Parnes also promoted concerts, including the 1960 tour by Gene Vincent and Eddie Cochran during which Cochran was killed in a road crash. Later the same year he hired the Silver Beetles, an early incarnation of the then-unknown Beatles, to back one of his singers, Johnny Gentle, on a short tour of Scotland. Although Gentle tried to persuade him to manage the group, Parnes decided not to do so. Parnes developed the idea of the package tour, for which his stars toured the country together in a bus, playing one-night stands around the country. In 1962, he hired the Tornados as backing group for Billy Fury, and also claimed to have given "their first breaks" to entertainers Jimmy Tarbuck, Rolf Harris and Mike Yarwood.

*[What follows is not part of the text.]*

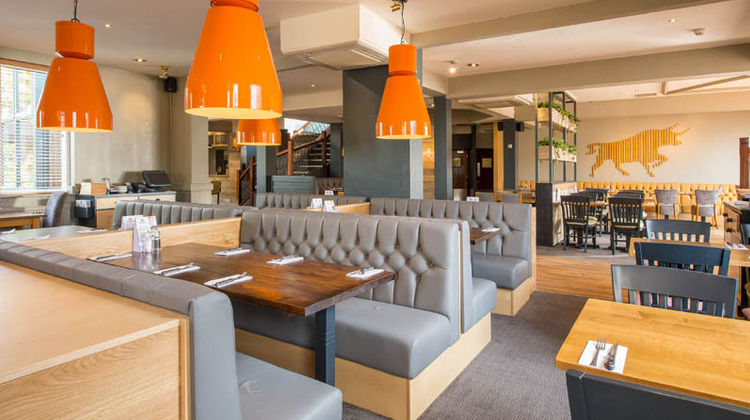 Premier Inn Gloucester (Longford) Lobby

==Theatre and other interests==
Parnes remained an influential impresario even after the rise of the Beatles and other groups had eclipsed those in his stable. (Note: Parnes was a friend of Beatles manager Brian Epstein and in 1963 attempted to hire them to perform in a series of Sunday concerts on the pier at Great Yarmouth.) However, his attitude and approach rapidly became old-fashioned. In 1967 he announced that he was going to devote himself to the theatre, and in 1968 put on Fortune and Men's Eyes, a play about homosexuality in a Canadian prison, but it lost money. He bought a lease of the Cambridge Theatre in London's West End in 1972, where during his tenure the first UK production of Chicago played. During the 1970s he ran the business affairs of the Olympic ice skater John Curry, and presented two stage productions with him at the Cambridge Theatre and at the London Palladium. He also persuaded actress Joan Collins to perform her first West End play, The Last of Mrs Cheyney, at his theatre in 1976.

Parnes was a horse racing fan, and owned racehorses, including Cambridge Gold, named after his involvement in the Cambridge Theatre and John Curry. He had a penthouse property in South Kensington, and country mansions in Send, Surrey, and Icklesham, East Sussex.

==Later years==
Parnes retired in 1981 and died from meningitis in London in 1989, aged 59. His obituary in The Daily Telegraph said:
Parnes is said to have renamed some of his stars for their sexual potential, but though he undoubtedly adored the company of young men he was circumspect about mixing business with pleasure. The greatest loves of his life were two Alsatian dogs, Prince and Duke, whose cremated remains were prominently displayed in his South Kensington penthouse.